The $200m series 2017 revenue bonds are to be issued by the Wisconsin-based Public Finance Authority on behalf of Denver Great Hall, a joint venture that includes Ferrovial Airports (80% share) and Saunders/JLC (20% share).
Construction is estimated to cost $650m. Financing includes about $75.1m in total equity capital commitment, the issuance of long-term tax exempt amortizing bonds of approximately $200m and $479m in owner-funded construction progress payments.
The ratings agency states the expected rating to reflect the relatively straightforward nature of construction works for the Great Hall terminal refurbishment project. It also highlights a strong revenue counterparty in Denver airport for payments during both the construction and operational phases, limited demand risk and high expected coverage levels secured by combined cashflows of availability payments and net terminal concession revenues.

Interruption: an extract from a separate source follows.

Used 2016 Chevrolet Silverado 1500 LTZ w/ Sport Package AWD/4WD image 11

The rating also reflects the low cost volatility anticipated during for the operational period.Denver Airport's obligations for payments during construction and the operational phase will be behind both its senior and subordinate lien bond obligations pursuant to a well-defined payment mechanism.

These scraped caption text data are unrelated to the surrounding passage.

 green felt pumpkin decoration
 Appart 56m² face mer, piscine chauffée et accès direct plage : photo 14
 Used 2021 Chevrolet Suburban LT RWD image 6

Ferrovial intends to self-perform project operations, and given the limited operational and lifecycle requirements expected during the 30-year operating period, the project can sufficiently withstand significant financial stresses to both costs and performance deductions.
The project will be constructed by an ‘experienced’ design-build joint venture team led by Ferrovial Agroman with Saunders Construction. Fitch notes Ferrovial's performance and credit is central to provide sufficient protection to manage various funding scenarios at different points of the construction phases.
Banks involved in the deal are understood to include Goldman Sachs, Bank of America and Citi.